Excerpts from a dataset:
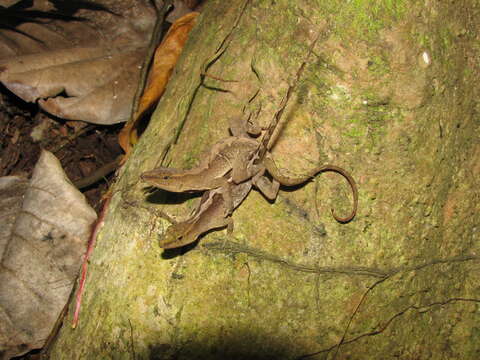 Image of Lesser Scaly Anole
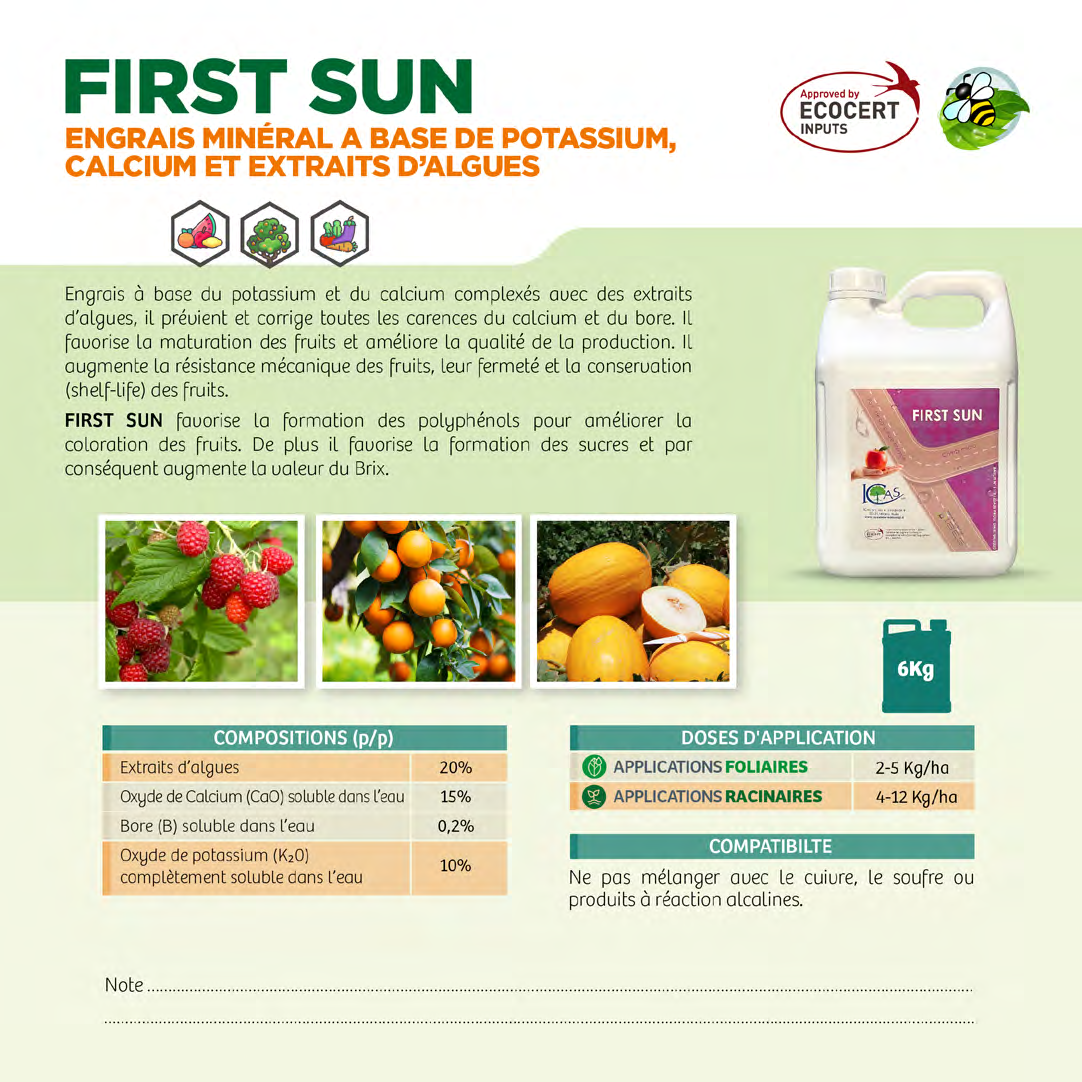 First Sun Production First Sun – Ibes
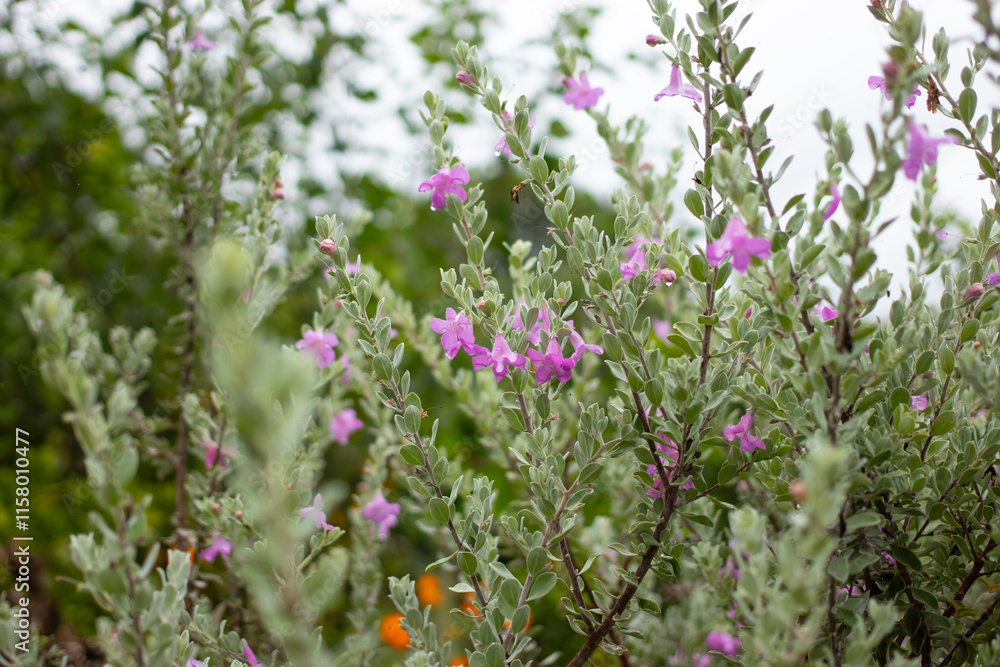 blooming Leucophyllum frutescens lilac flowers blooming Leucophyllum frutescens lilac flowers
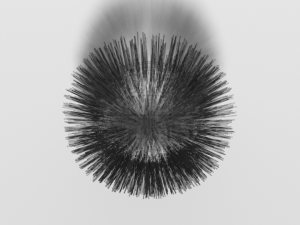 cartoon sea urchin free 3D Model
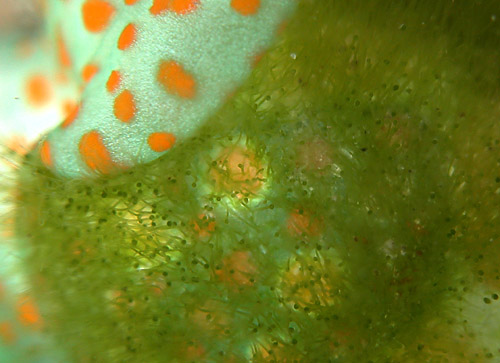 Lamprohaminoea cymbalum: with algae, detail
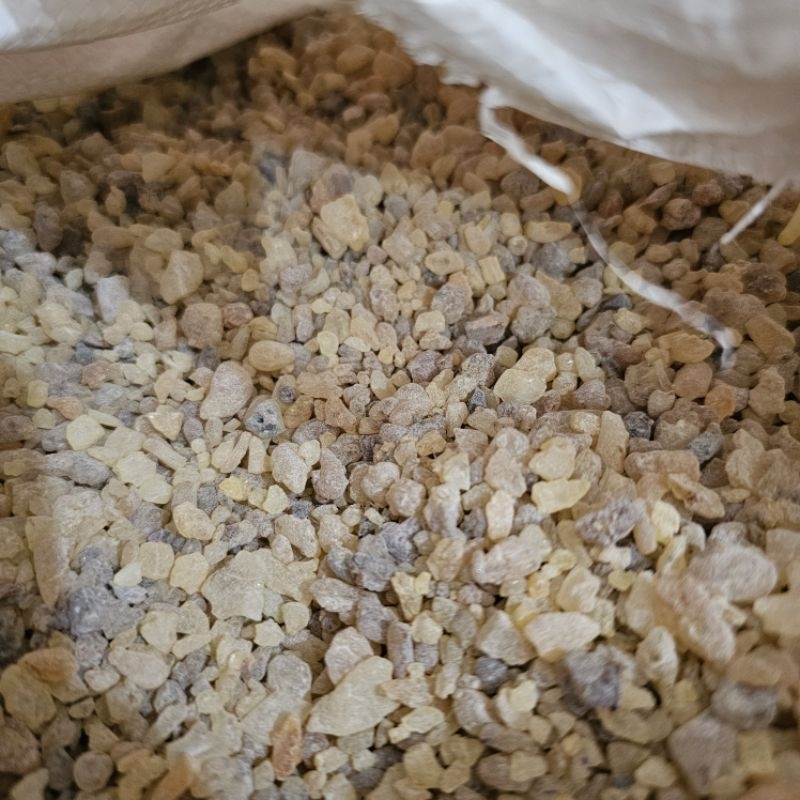 Techtopia01 Kemenyan Menyan Arab 100 Gram Luban Gum Arab Frankincense Olibanum 100 Gram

**Work order:** Copy exactly, and copy nothing else: the lines from the start of the data above through the line that holds "Lamprohaminoea cymbalum: with algae, detail". The pictures stay out.

**Expected answer:**
 Image of Lesser Scaly Anole
 First Sun Production First Sun – Ibes
 blooming Leucophyllum frutescens lilac flowers blooming Leucophyllum frutescens lilac flowers
 cartoon sea urchin free 3D Model
 Lamprohaminoea cymbalum: with algae, detail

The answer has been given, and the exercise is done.